Haemorrhage; Myelography; MRI; CT; Necropsy


Intracranial subarachnoid hemorrhage (SAH) is a rare complication of myelography that can have serious consequences and presents a potentially life threatening complication in humans. In both humans and dogs [1-6], it may lead to raised intracranial pressure, the development of prolonged cerebral arterial spasm and cerebral ischemia [6-8]. The condition has been previously reported in two dogs in which it was found on post mortem examination [6]. The current case report describes the clinical presentation, diagnosis, and post mortem necropsy of SAH following an iohexol CT myelogram.

Case history

A 10 year old, 20 kg Chow Chow presented to the emergency unit with a 24 hour history of acute signs of back pain and spastic paraparesis following an 11 month history of progressive pelvic limb ataxia. There was neither a history of previous illness, nor a traumatic event been observed. The dog’s general physical examination was unremarkable.

The neurologic examination revealed non-ambulatory spastic paraparesis of the hind limbs. Proprioception was absent and spinal reflexes were exaggerated, bilaterally in both hind limbs. Nociception was present. Neuroanatomical localization indicated a lesion in the T3-L3 spinal cord segment. The degree of neurologic impairment was graded as 3/5 on the Sharp and Wheeler scale [9]. No abnormalities were detected on biochemistry analysis.

A computed tomography (CT) myelogram was performed (GE Brightspeed 16, Milwaukee, MI) by injection of 0.33 ml/kg of Iohexol (Omnipaque® 180 mgI/ml). Lumbar puncture was performed percutaneously through the L5-L6 interacuate foramen using a 22-gauge spinal needle into the subarachnoid space. The CT revealed extradural spinal cord compression at the intervertebral disk spaces of T3-T4, T4-T5, T13-L1, L1-L2, L2-L3 and L3-L4 (Figure 1).


Figure 1: Transverse computed tomography of the thoracic portion (T3-T4) of the vertebral column after injection of contrast medium. Note the extradural spinal cord compression.

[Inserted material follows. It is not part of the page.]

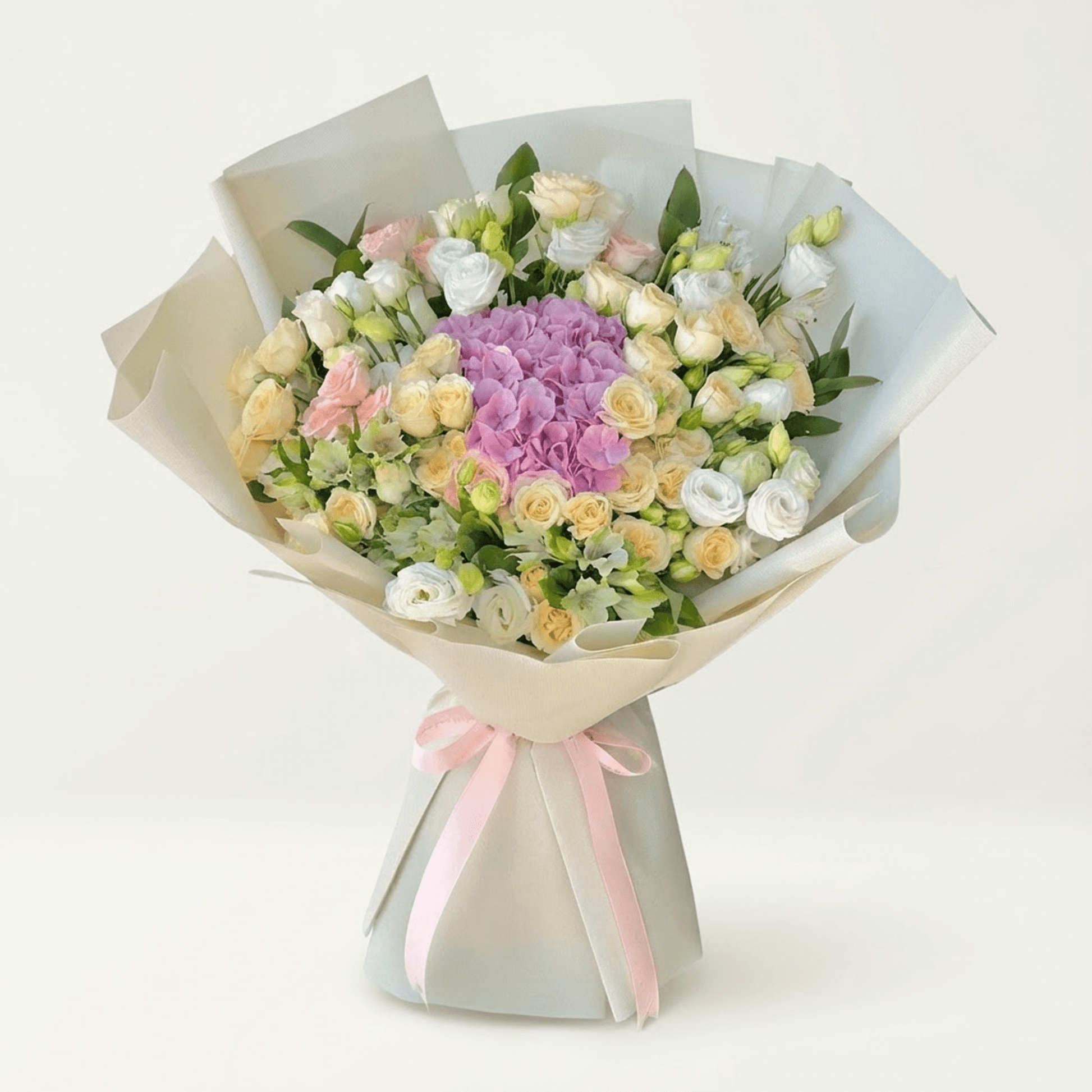 Pastel flower bouquet with pink hydrangea, spray roses, and lisianthus for flower delivery in Kuwait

Twelve hours after lumbar iohexol injection, acute and rapidly progressive clinical signs of additional neurological dysfunction were observed. A neurological examination performed to determine the neuroanatomical localization and extent of the neurological lesions revealed multifocal involvement with the following signs: an alteration of consciousness and behaviour was observed; the patient was very anxious and disoriented with vocalisation and agitation.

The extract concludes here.